There is a faint halo of expanding gas (not seen in this image) that was ejected by the star more than 40,000 years ago. The shell visible in this image is less than 10,000 years old. At the adopted distance of the Owl, the visible shell is a little more than one light-year in diameter. Alas, the distances to planetary nebulae are generally known to a poor accuracy.

NGC 2024, The Flame Nebula is part of the same gas and dust complex that hosts the Horsehead Nebula. The bright flare in this image comes from the easternmost star in Orion’s Belt.

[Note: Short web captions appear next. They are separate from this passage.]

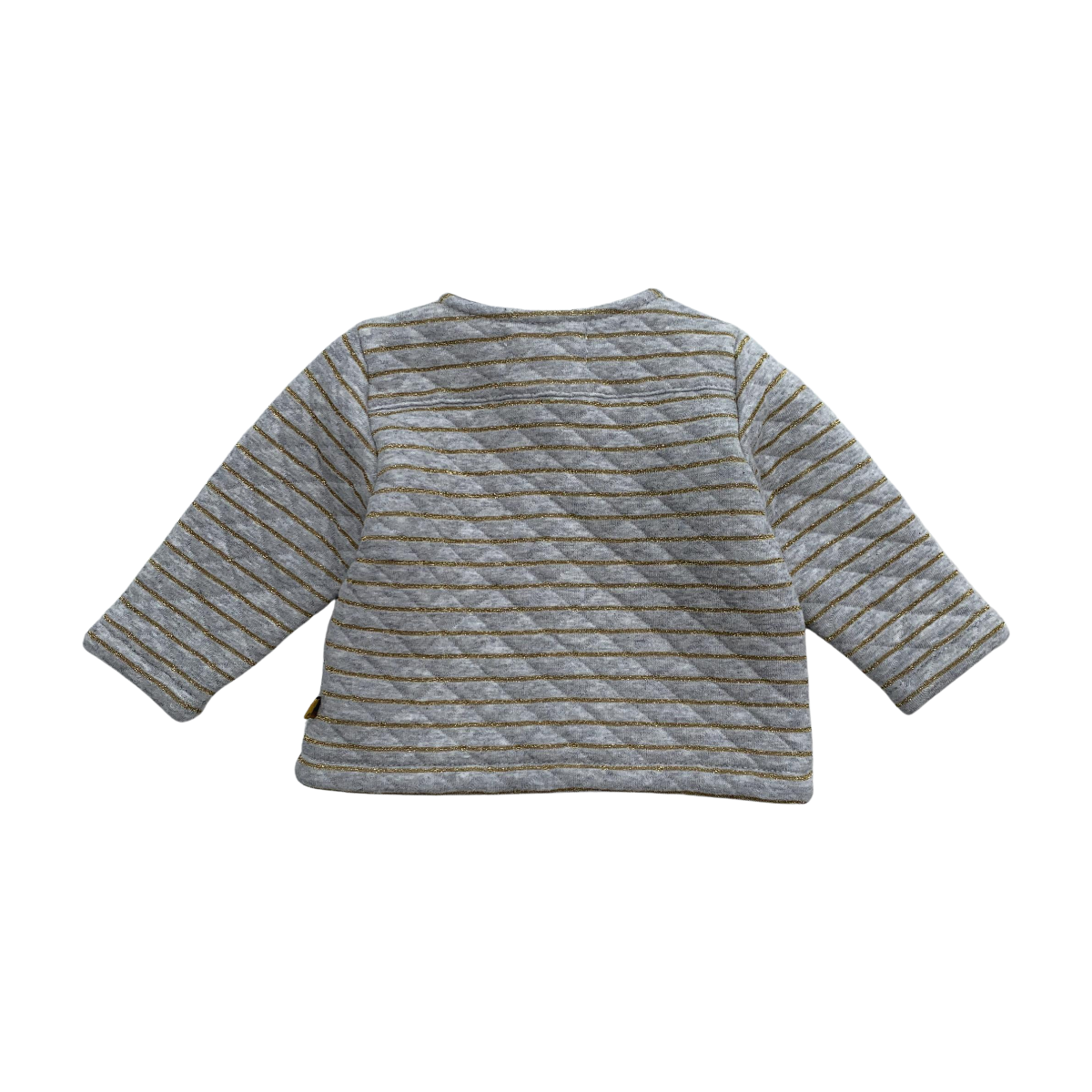 ARSÈNE ET LES PIPELETTES - CARDIGAN - GRIS, OR - 3 MOIS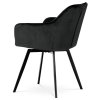 Jídelní židle, černá, sametová látka, DCH-425 BK4 (Barva Černá)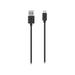 Belkin F2CU012BT2M-BLK Black MixIt Colour Range 2m Micro USB Cable for Smartphones and Tablets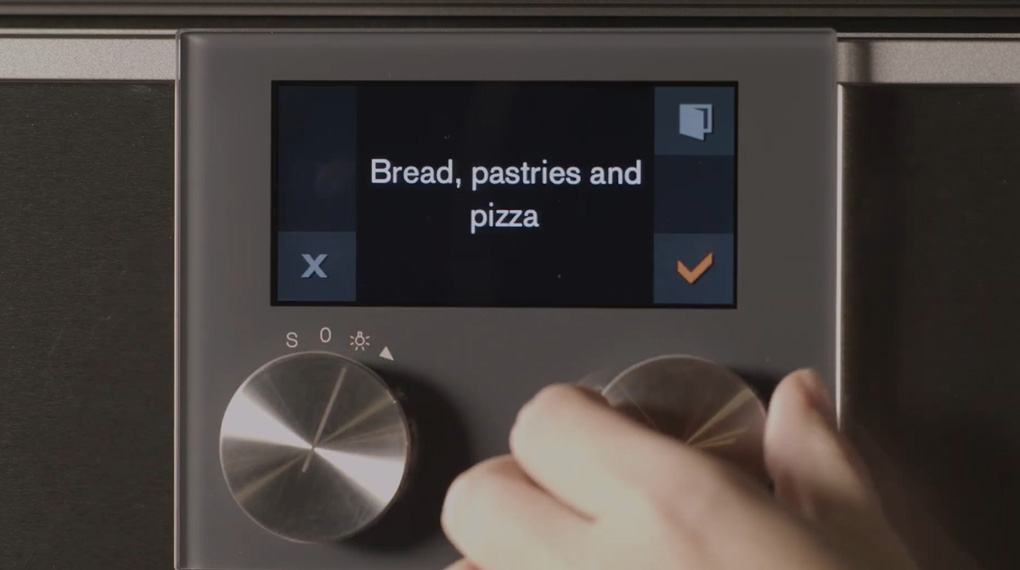 Lò Nướng âm tủ Gaggenau BO450112 Serie 400 - Bảng điều khiển cảm ứng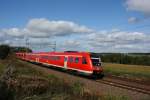 Der Franken-Sachsen-Express IRE 3085 ...  Bj�rn G. Dietrich 09.11.2009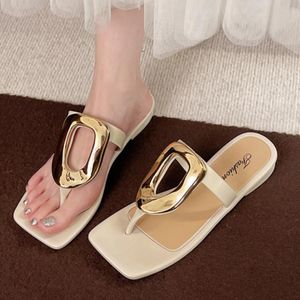 VANHUHU Ladies Durable Casual Summer Slippers Sandals Open Shoes White
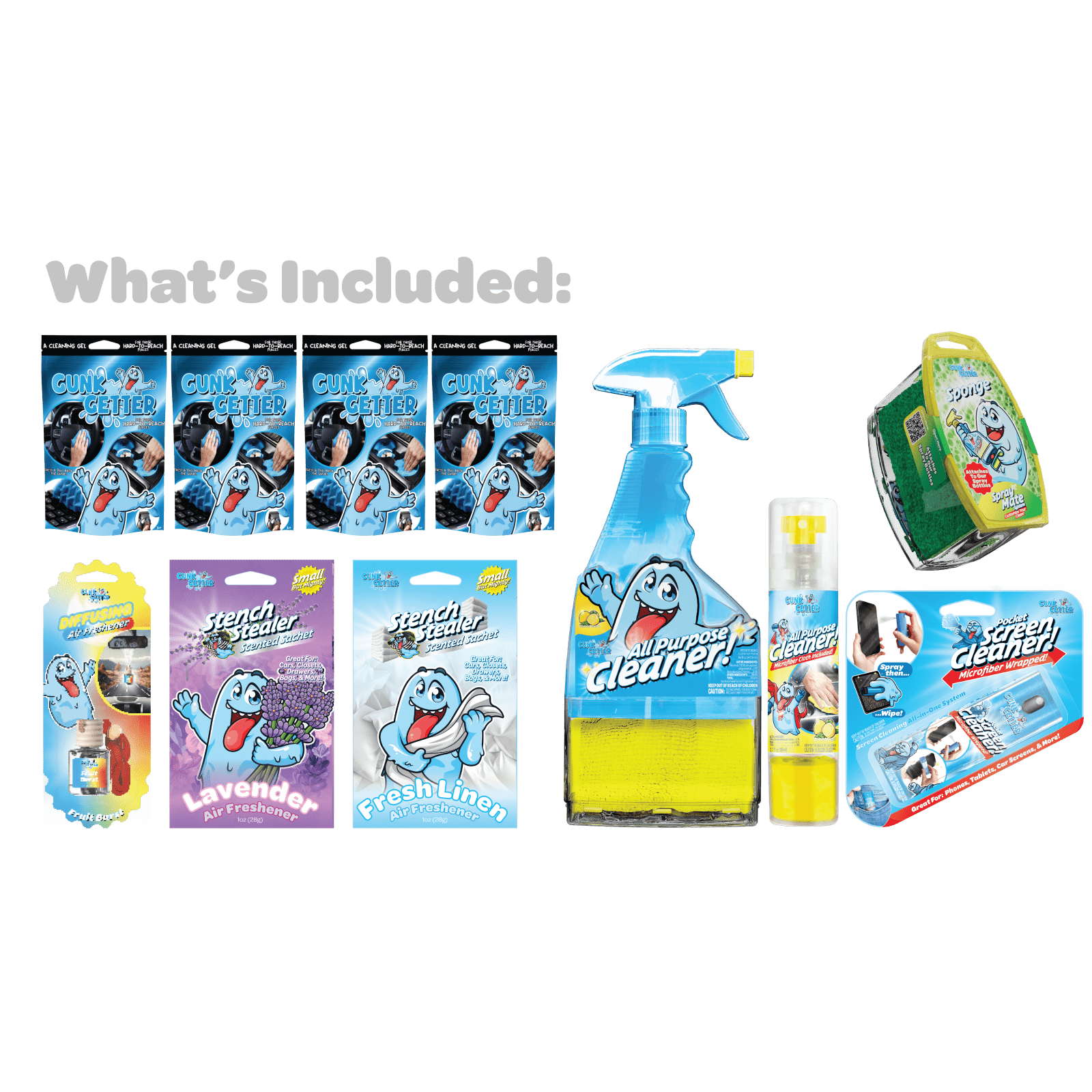 Home Cleaning Starter Kit - Gunk Getter Gunk Getter Gunk Getter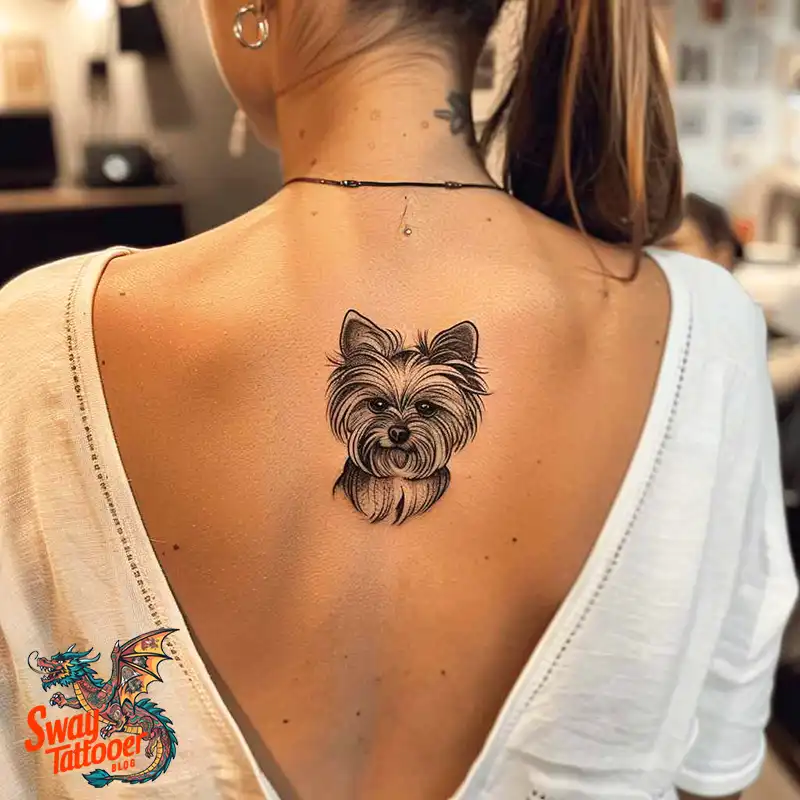 100 Yorkie Tattoo Designs: Symbolism, Placement, and More 70 yorkie12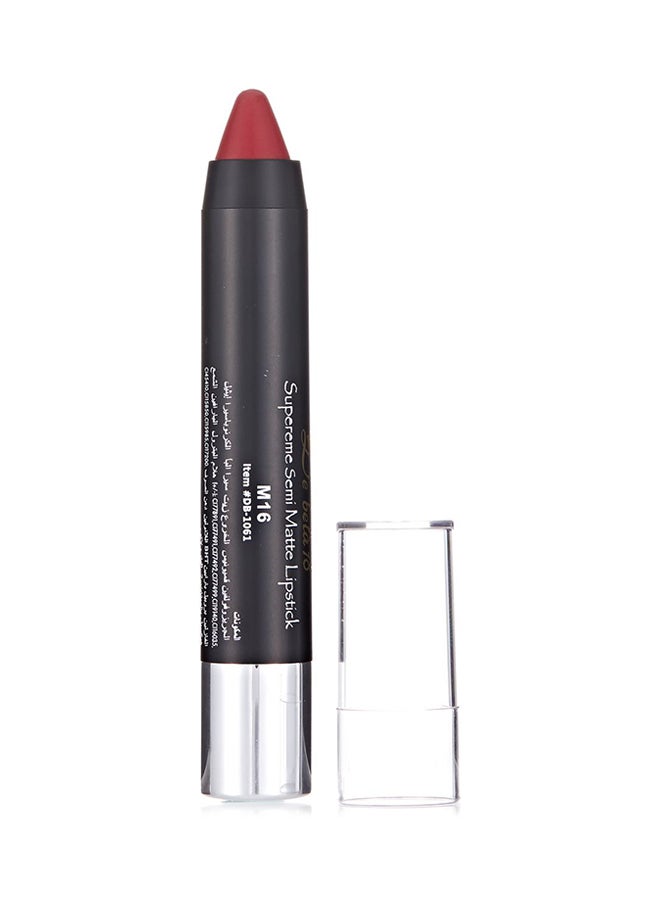 De Bela 18 Supreme Semi Matte Lipstick Makeup Red M16  - Image 1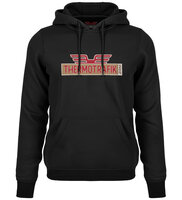zwarte trui hoodie Thermotrafik.com zwart witte opdruk en goedkoop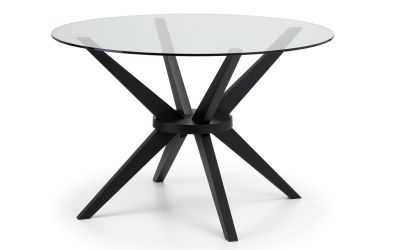Hayden Round Glass Table - 120cm | Contemporary Dining Solution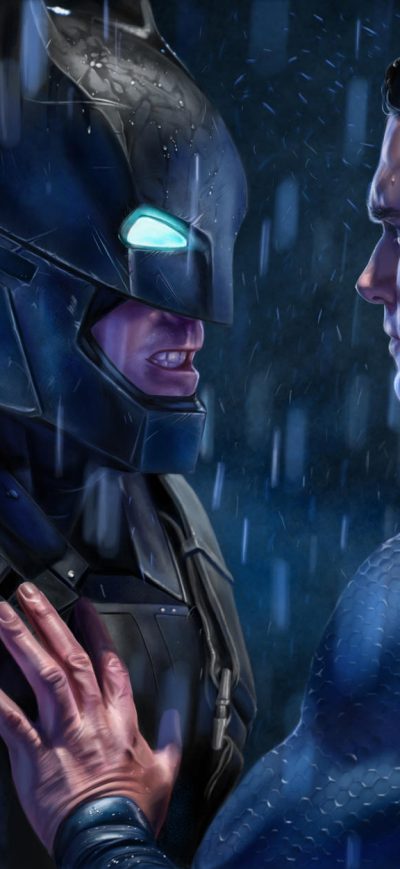 Fond d'écran iPhone Art Batman V Superman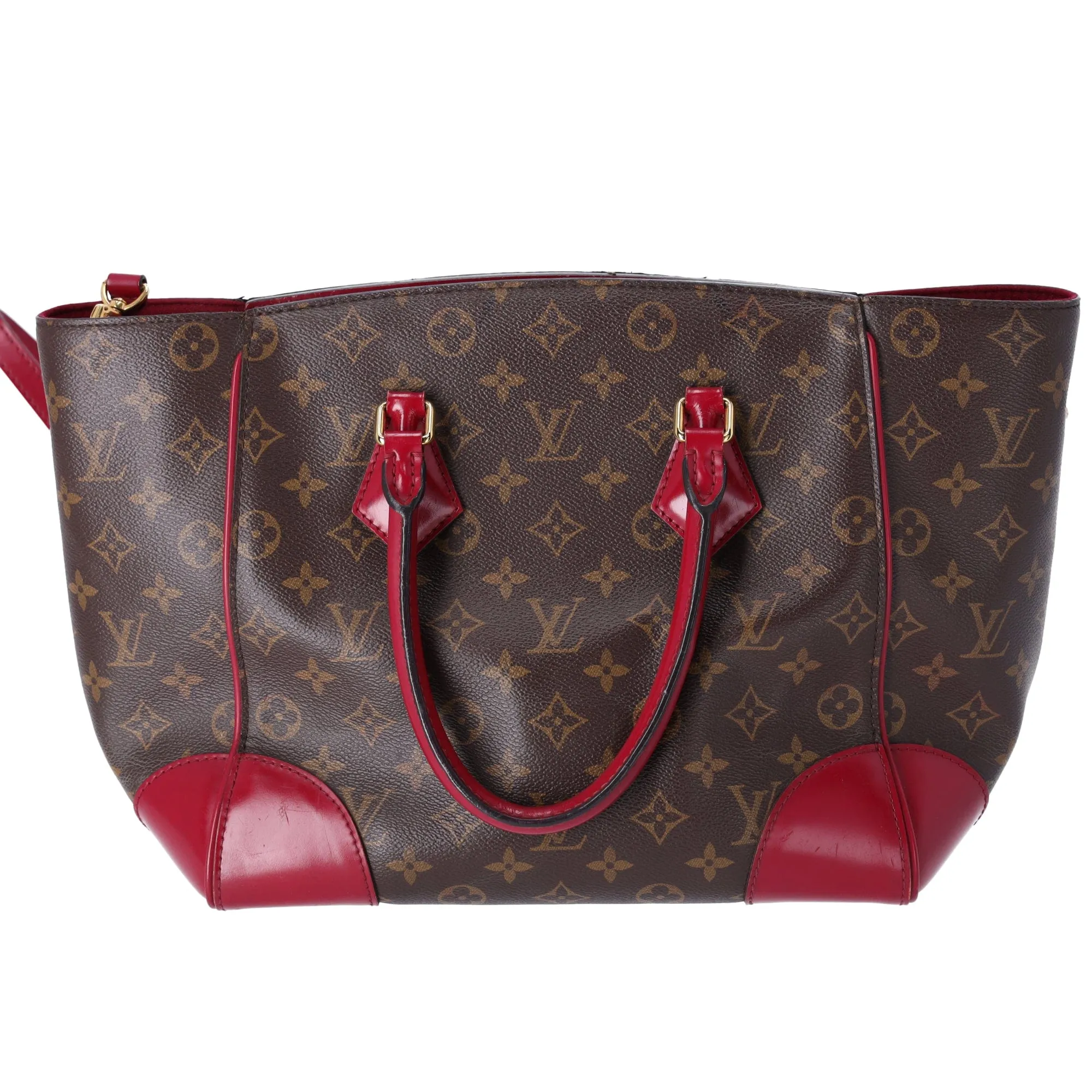 Louis Vuitton Monogram Phoenix MM Carryall Tote M41541 Fuchsia Brown sold by Gaby's Bags product image thumbnail 4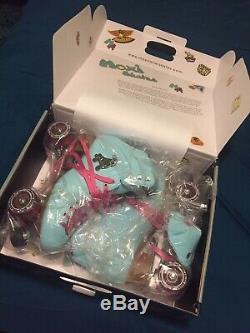 NEW W BOX Moxi Beach Bunny Roller Skates -Blue Sky (size 10W)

Behind the dark silhouette of gas and dust, new stars are forming. These young, hot stars cause the gas to glow. At the same time these new stars heat the cloud, causing it to expand, turning off the star formation process.  Star formation is an inefficient process; only a few percent of the mass of the cloud will go into star formation, insuring the life of the Milky Way Galaxy will extend into the distant future.

The Horsehead Nebula: Named for its obvious resemblance to a Bluegrass Thoroughbred, The Horsehead is a dark cloud of gas and dust seen in silhouette against a fluorescent cloud of hydrogen. It is notoriously difficult to see visually but is much easier to photograph.

Though hard to see, it’s not hard to find: 30 arc-minutes (one full-moon-width) south of the easternmost star in Orion’s belt, Zeta Orionis or Alnitak.